Physics in medicine and biology

Staging of cervical cancer based on tumor heterogeneity characterized by texture features on (18)F-FDG PET images.

PMID 26083460


The aim of the study is to assess the staging value of the tumor heterogeneity characterized by texture features and other commonly used semi-quantitative indices extracted from (18)F-FDG PET images of cervical cancer (CC) patients. Forty-two patients suffering CC at different stages were enrolled in this study. Firstly, we proposed a new tumor segmentation method by combining the intensity and gradient field information in a level set framework. Secondly, fifty-four 3D texture features were studied besides of SUVs (SUVmax, SUVmean, SUVpeak) and metabolic tumor volume (MTV). Through correlation analysis, receiver-operating-characteristic (ROC) curves analysis, some independent indices showed statistically significant differences between the early stage (ES, stages I and II) and the advanced stage (AS, stages III and IV). Then the tumors represented by those independent indices could be automatically classified into ES and AS, and the most discriminative feature could be chosen. Finally, the robustness of the optimal index with respect to sampling schemes and the quality of the PET images were validated. Using the proposed segmentation method, the dice similarity coefficient and Hausdorff distance were 91.78   ±   1.66% and 7.94   ±   1.99 mm, respectively.

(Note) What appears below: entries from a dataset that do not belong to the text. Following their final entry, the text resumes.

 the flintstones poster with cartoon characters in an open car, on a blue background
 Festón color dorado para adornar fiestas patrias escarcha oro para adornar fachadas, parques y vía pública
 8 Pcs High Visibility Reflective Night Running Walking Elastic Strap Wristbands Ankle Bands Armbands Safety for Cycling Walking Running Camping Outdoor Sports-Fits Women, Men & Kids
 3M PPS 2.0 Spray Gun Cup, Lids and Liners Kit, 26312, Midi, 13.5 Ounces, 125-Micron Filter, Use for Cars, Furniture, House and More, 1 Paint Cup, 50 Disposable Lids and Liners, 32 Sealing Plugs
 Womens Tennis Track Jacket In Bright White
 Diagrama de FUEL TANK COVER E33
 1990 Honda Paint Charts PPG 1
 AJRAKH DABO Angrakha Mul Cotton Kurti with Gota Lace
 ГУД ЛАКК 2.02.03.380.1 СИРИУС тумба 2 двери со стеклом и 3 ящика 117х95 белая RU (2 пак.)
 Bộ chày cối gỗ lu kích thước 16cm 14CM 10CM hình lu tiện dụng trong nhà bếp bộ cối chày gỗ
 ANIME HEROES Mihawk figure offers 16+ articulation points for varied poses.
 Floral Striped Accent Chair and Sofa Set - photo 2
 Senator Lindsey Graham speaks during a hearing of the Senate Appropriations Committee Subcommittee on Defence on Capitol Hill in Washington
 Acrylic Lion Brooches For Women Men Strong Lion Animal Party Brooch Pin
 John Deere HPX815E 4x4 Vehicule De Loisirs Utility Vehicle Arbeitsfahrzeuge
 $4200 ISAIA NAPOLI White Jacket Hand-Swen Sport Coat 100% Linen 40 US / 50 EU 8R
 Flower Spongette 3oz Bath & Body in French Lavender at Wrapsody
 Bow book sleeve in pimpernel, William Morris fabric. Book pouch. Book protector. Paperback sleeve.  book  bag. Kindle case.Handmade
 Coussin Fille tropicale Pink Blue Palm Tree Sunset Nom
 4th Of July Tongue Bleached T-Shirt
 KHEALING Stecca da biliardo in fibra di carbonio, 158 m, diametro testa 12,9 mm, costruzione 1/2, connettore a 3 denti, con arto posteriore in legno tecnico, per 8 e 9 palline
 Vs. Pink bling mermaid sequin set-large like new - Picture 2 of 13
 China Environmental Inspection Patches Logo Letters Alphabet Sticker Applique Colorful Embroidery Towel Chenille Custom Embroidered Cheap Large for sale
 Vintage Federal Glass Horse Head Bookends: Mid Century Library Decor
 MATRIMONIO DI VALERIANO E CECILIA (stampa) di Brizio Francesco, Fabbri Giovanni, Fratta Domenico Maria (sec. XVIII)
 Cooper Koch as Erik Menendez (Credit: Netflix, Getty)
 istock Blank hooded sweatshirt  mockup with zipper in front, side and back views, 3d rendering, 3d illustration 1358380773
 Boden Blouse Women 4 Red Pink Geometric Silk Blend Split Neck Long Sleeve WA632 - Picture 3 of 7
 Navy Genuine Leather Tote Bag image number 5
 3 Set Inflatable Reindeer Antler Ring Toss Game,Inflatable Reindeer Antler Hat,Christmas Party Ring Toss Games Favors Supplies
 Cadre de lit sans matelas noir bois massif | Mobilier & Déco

According to the correlation analysis, all the fifty-eight indices could be divided into 20 groups. Six independent indices were selected for their highest areas under the ROC curves (AUROC), and showed significant differences between ES and AS (P  <  0.05). Through automatic classification with the support vector machine (SVM) Classifier, run percentage (RP) was the most discriminative index with the higher accuracy (88.10%) and larger AUROC (0.88). The Pearson correlation of RP under different sampling schemes is 0.9991   ±   0.0011. RP is a highly stable feature and well correlated with tumor stage in CC, which suggests it could differentiate ES and AS with high accuracy.